EXERCISE OBJECTIVE
From the first line of the data below, copy each line up to the one containing "Video de @Anghell", and include that line too.

INPUT RECORDS
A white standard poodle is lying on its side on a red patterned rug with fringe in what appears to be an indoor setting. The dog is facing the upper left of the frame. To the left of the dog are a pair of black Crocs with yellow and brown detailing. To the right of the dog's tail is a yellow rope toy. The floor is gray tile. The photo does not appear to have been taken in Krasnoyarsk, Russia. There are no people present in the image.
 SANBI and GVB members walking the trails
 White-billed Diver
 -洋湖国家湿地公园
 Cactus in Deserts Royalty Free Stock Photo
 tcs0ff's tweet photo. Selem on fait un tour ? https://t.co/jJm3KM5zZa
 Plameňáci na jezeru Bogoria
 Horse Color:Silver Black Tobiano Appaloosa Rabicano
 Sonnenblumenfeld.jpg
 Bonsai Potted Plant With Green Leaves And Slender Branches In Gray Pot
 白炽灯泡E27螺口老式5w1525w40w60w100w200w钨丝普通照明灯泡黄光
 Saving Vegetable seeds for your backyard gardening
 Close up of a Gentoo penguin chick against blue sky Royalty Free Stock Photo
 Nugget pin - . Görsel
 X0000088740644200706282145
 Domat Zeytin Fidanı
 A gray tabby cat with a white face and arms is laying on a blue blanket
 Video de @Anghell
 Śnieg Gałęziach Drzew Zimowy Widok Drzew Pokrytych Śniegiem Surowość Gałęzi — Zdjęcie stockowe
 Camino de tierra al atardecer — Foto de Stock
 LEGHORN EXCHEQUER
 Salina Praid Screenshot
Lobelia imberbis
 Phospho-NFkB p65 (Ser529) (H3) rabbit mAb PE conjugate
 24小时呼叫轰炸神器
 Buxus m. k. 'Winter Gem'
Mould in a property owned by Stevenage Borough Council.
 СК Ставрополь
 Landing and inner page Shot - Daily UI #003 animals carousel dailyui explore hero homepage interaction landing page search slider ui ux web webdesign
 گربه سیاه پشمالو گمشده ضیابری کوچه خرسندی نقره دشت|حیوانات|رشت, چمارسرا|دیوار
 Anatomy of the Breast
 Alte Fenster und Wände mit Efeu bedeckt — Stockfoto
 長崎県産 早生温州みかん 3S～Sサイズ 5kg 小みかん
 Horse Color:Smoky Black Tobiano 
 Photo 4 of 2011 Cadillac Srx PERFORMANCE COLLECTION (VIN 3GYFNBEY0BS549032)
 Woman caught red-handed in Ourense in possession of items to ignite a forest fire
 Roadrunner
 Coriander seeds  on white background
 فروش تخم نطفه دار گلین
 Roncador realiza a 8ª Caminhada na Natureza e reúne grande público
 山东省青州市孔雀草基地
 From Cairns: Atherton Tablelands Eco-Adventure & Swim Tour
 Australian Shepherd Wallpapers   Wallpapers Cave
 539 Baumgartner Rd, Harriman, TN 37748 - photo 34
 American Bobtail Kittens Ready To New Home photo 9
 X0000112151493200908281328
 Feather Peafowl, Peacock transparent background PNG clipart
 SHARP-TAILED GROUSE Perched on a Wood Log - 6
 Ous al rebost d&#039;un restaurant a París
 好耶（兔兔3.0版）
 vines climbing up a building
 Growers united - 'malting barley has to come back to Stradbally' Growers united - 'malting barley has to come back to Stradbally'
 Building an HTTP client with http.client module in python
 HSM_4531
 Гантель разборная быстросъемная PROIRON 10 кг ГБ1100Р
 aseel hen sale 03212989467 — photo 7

SOLVED EXERCISE
A white standard poodle is lying on its side on a red patterned rug with fringe in what appears to be an indoor setting. The dog is facing the upper left of the frame. To the left of the dog are a pair of black Crocs with yellow and brown detailing. To the right of the dog's tail is a yellow rope toy. The floor is gray tile. The photo does not appear to have been taken in Krasnoyarsk, Russia. There are no people present in the image.
 SANBI and GVB members walking the trails
 White-billed Diver
 -洋湖国家湿地公园
 Cactus in Deserts Royalty Free Stock Photo
 tcs0ff's tweet photo. Selem on fait un tour ? https://t.co/jJm3KM5zZa
 Plameňáci na jezeru Bogoria
 Horse Color:Silver Black Tobiano Appaloosa Rabicano
 Sonnenblumenfeld.jpg
 Bonsai Potted Plant With Green Leaves And Slender Branches In Gray Pot
 白炽灯泡E27螺口老式5w1525w40w60w100w200w钨丝普通照明灯泡黄光
 Saving Vegetable seeds for your backyard gardening
 Close up of a Gentoo penguin chick against blue sky Royalty Free Stock Photo
 Nugget pin - . Görsel
 X0000088740644200706282145
 Domat Zeytin Fidanı
 A gray tabby cat with a white face and arms is laying on a blue blanket
 Video de @Anghell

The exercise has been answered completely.